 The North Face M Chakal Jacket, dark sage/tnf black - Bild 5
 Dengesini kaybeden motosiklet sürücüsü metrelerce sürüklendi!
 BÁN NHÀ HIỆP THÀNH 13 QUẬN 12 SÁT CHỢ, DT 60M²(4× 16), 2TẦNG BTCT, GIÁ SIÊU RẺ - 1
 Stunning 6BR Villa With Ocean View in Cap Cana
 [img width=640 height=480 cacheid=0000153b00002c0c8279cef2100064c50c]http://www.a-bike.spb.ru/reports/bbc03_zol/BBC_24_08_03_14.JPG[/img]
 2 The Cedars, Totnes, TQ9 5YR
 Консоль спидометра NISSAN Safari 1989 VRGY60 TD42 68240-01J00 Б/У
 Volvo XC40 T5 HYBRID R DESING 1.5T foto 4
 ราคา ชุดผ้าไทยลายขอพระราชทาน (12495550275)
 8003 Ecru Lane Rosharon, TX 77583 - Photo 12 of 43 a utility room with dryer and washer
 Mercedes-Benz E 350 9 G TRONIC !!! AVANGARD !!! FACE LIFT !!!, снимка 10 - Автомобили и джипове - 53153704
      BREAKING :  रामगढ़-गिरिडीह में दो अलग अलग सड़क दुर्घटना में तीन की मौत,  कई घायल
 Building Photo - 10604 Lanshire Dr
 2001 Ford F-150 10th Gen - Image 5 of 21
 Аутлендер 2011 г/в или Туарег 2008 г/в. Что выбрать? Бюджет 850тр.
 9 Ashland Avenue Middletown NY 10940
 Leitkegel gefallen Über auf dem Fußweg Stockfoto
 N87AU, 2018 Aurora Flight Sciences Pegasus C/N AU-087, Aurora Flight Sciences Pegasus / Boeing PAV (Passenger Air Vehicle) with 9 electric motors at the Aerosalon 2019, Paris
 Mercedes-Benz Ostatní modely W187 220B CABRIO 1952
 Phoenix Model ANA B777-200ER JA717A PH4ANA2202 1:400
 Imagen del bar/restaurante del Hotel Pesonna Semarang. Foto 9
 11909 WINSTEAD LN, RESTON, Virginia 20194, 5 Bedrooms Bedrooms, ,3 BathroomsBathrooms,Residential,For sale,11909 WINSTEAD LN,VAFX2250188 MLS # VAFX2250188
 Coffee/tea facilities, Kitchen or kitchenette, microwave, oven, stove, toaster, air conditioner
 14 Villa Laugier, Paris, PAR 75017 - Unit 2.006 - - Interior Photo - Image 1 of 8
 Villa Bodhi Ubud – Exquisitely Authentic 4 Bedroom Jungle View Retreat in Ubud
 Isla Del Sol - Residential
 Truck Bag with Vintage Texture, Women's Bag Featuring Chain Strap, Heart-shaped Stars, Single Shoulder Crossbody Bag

Work order: Every line of the data is to be retyped without alteration.

Exercise result:
 The North Face M Chakal Jacket, dark sage/tnf black - Bild 5
 Dengesini kaybeden motosiklet sürücüsü metrelerce sürüklendi!
 BÁN NHÀ HIỆP THÀNH 13 QUẬN 12 SÁT CHỢ, DT 60M²(4× 16), 2TẦNG BTCT, GIÁ SIÊU RẺ - 1
 Stunning 6BR Villa With Ocean View in Cap Cana
 [img width=640 height=480 cacheid=0000153b00002c0c8279cef2100064c50c]http://www.a-bike.spb.ru/reports/bbc03_zol/BBC_24_08_03_14.JPG[/img]
 2 The Cedars, Totnes, TQ9 5YR
 Консоль спидометра NISSAN Safari 1989 VRGY60 TD42 68240-01J00 Б/У
 Volvo XC40 T5 HYBRID R DESING 1.5T foto 4
 ราคา ชุดผ้าไทยลายขอพระราชทาน (12495550275)
 8003 Ecru Lane Rosharon, TX 77583 - Photo 12 of 43 a utility room with dryer and washer
 Mercedes-Benz E 350 9 G TRONIC !!! AVANGARD !!! FACE LIFT !!!, снимка 10 - Автомобили и джипове - 53153704
      BREAKING :  रामगढ़-गिरिडीह में दो अलग अलग सड़क दुर्घटना में तीन की मौत,  कई घायल
 Building Photo - 10604 Lanshire Dr
 2001 Ford F-150 10th Gen - Image 5 of 21
 Аутлендер 2011 г/в или Туарег 2008 г/в. Что выбрать? Бюджет 850тр.
 9 Ashland Avenue Middletown NY 10940
 Leitkegel gefallen Über auf dem Fußweg Stockfoto
 N87AU, 2018 Aurora Flight Sciences Pegasus C/N AU-087, Aurora Flight Sciences Pegasus / Boeing PAV (Passenger Air Vehicle) with 9 electric motors at the Aerosalon 2019, Paris
 Mercedes-Benz Ostatní modely W187 220B CABRIO 1952
 Phoenix Model ANA B777-200ER JA717A PH4ANA2202 1:400
 Imagen del bar/restaurante del Hotel Pesonna Semarang. Foto 9
 11909 WINSTEAD LN, RESTON, Virginia 20194, 5 Bedrooms Bedrooms, ,3 BathroomsBathrooms,Residential,For sale,11909 WINSTEAD LN,VAFX2250188 MLS # VAFX2250188
 Coffee/tea facilities, Kitchen or kitchenette, microwave, oven, stove, toaster, air conditioner
 14 Villa Laugier, Paris, PAR 75017 - Unit 2.006 - - Interior Photo - Image 1 of 8
 Villa Bodhi Ubud – Exquisitely Authentic 4 Bedroom Jungle View Retreat in Ubud
 Isla Del Sol - Residential
 Truck Bag with Vintage Texture, Women's Bag Featuring Chain Strap, Heart-shaped Stars, Single Shoulder Crossbody Bag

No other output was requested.